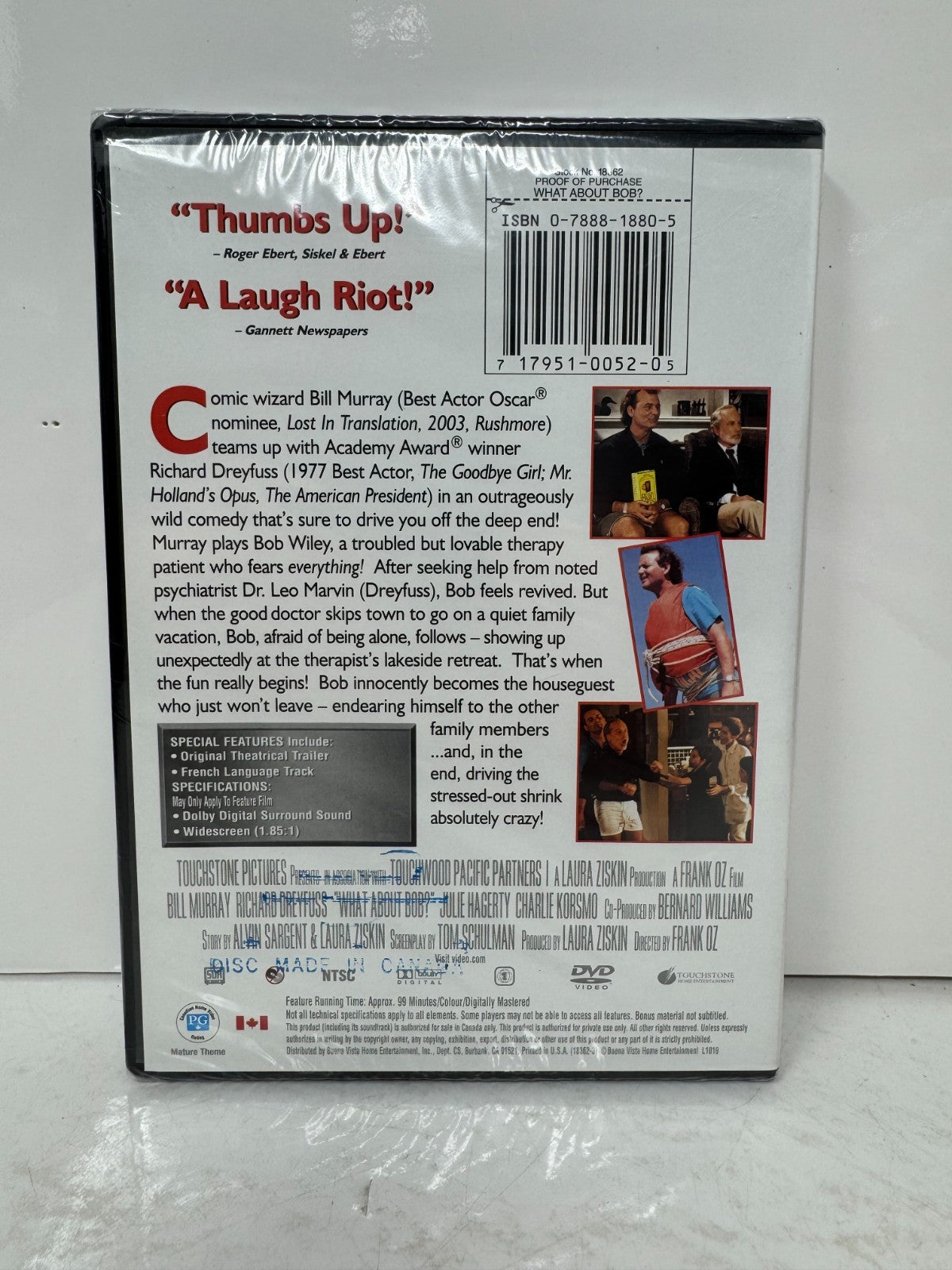 What About Bob? (DVD) Comedy Brand New and Sealed!!!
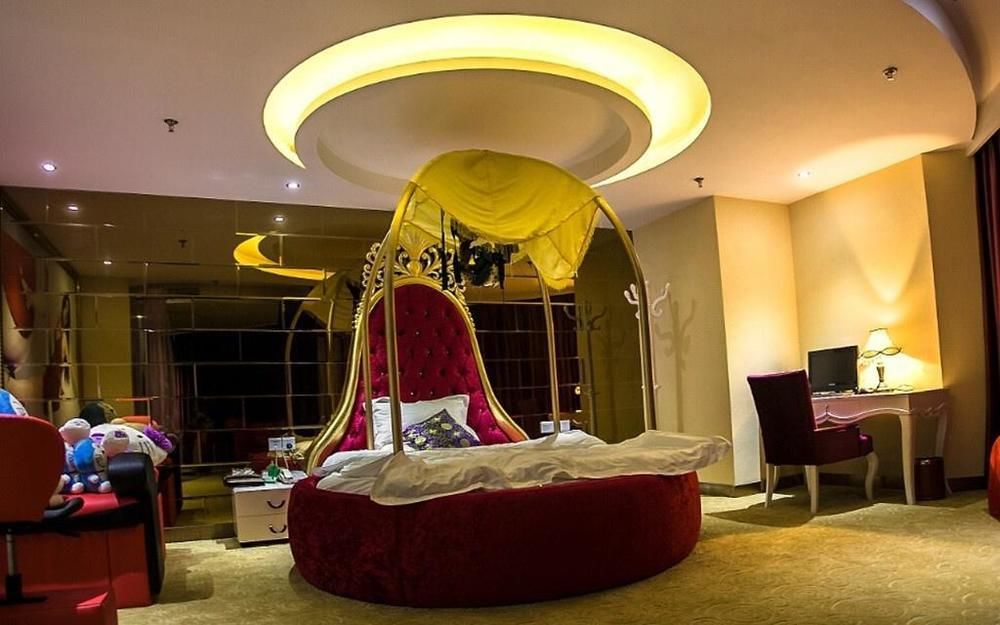 Chongqing Xinhao Theme Hotel Ngoại thất bức ảnh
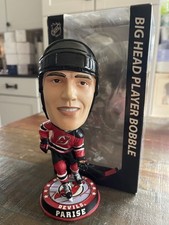 ZACH PARISE New Jersey NJ Devils NHL BIGhead Bobblehead NIB!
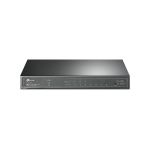 image produit TP-Link Omada TL-SG2008P Switch PoE 8 ports Gigabit avec 4 ports PoE+, alimentation totale de 62W - livrable en France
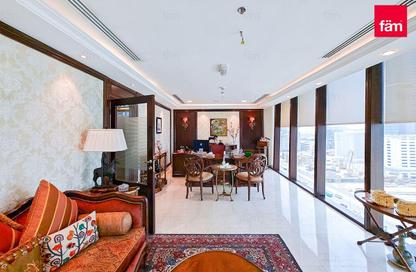 Office Space - Studio - 2 Bathrooms for sale in One by Omniyat - Business Bay - Dubai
----
• TASK GOAL
From the first line to the last, set down the records above exactly and skip the pictures.

• ANSWER BOX
 What About Bob? (DVD) Comedy Brand New and Sealed!!!
 Chongqing Xinhao Theme Hotel Ngoại thất bức ảnh
 ZACH PARISE New Jersey NJ Devils NHL BIGhead Bobblehead NIB!
 image produit TP-Link Omada TL-SG2008P Switch PoE 8 ports Gigabit avec 4 ports PoE+, alimentation totale de 62W - livrable en France
 Office Space - Studio - 2 Bathrooms for sale in One by Omniyat - Business Bay - Dubai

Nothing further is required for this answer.